Provided records below:

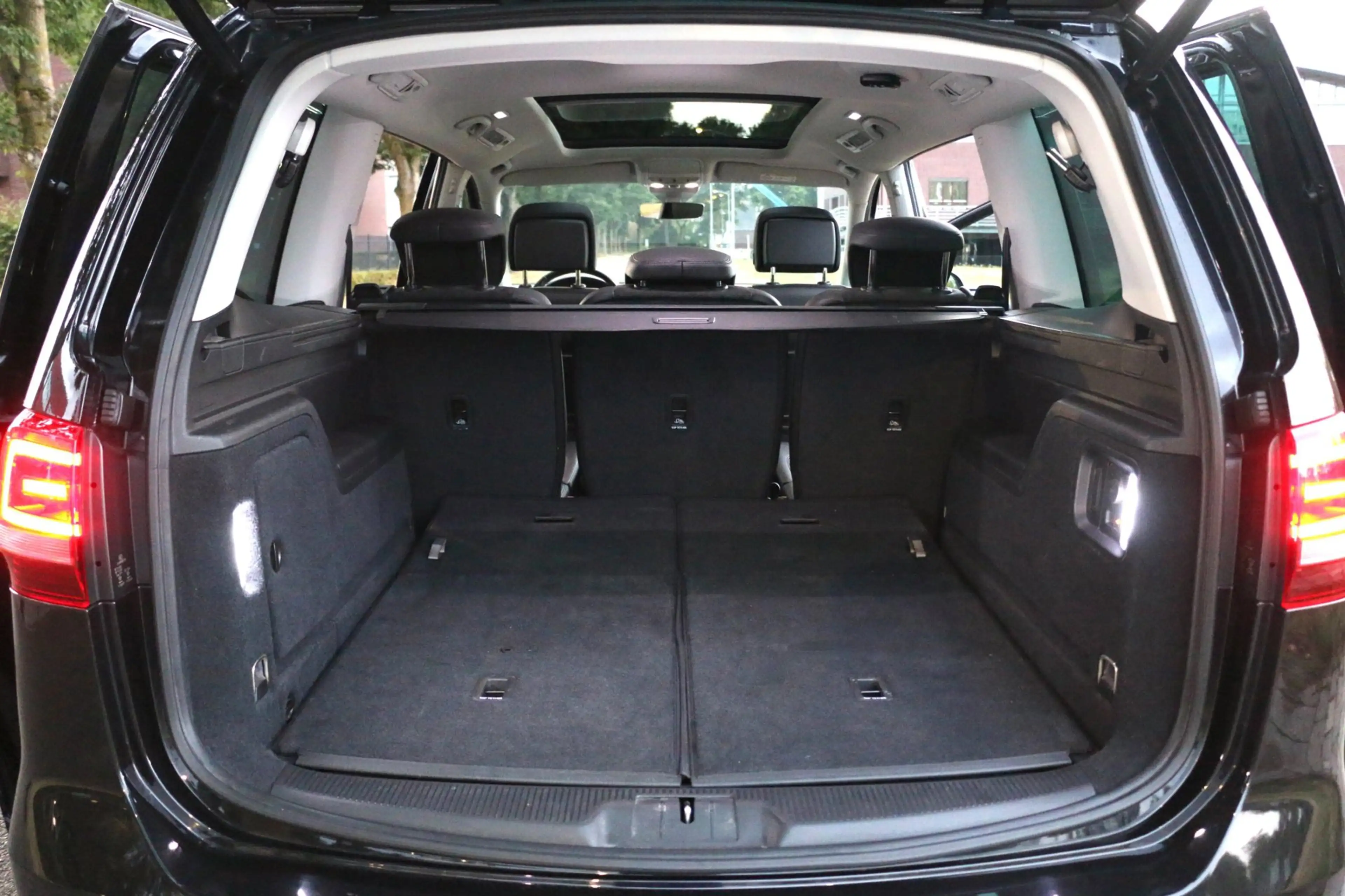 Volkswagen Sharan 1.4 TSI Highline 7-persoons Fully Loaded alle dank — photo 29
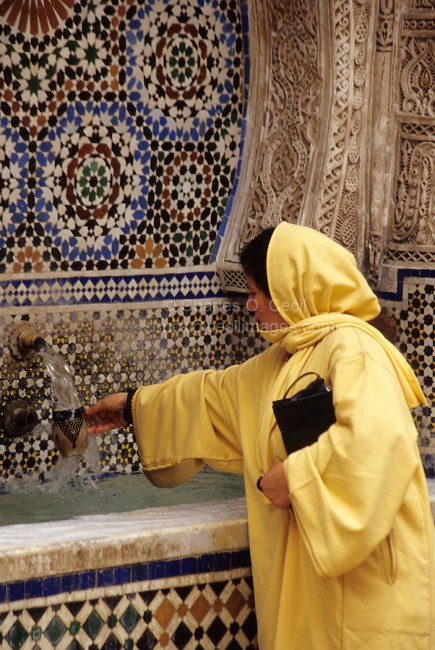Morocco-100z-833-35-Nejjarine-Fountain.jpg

End of Provided records.
Provided records below:

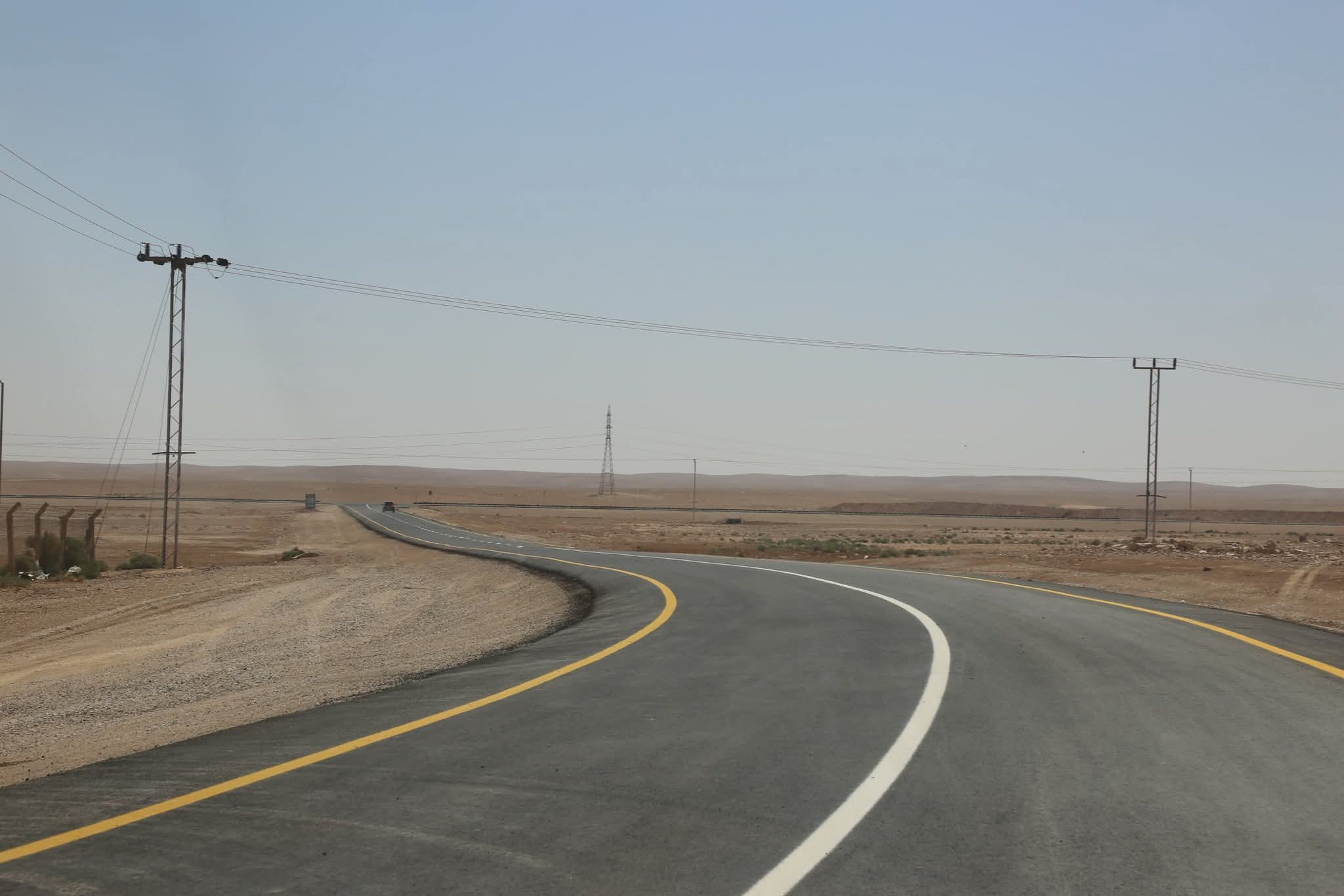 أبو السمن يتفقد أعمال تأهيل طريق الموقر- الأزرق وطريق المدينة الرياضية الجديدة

End of Provided records.
Provided records below:

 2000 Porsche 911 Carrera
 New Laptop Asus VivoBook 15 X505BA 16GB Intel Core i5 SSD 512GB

End of Provided records.

Work task:
Your answer must be everything above from the line with "Volkswagen Sharan 1.4" down to the line with "Morocco-100z-833-35-Nejjarine-Fountain.jpg", word for word, and no pictures.

Your solution:
 Volkswagen Sharan 1.4 TSI Highline 7-persoons Fully Loaded alle dank — photo 29
Morocco-100z-833-35-Nejjarine-Fountain.jpg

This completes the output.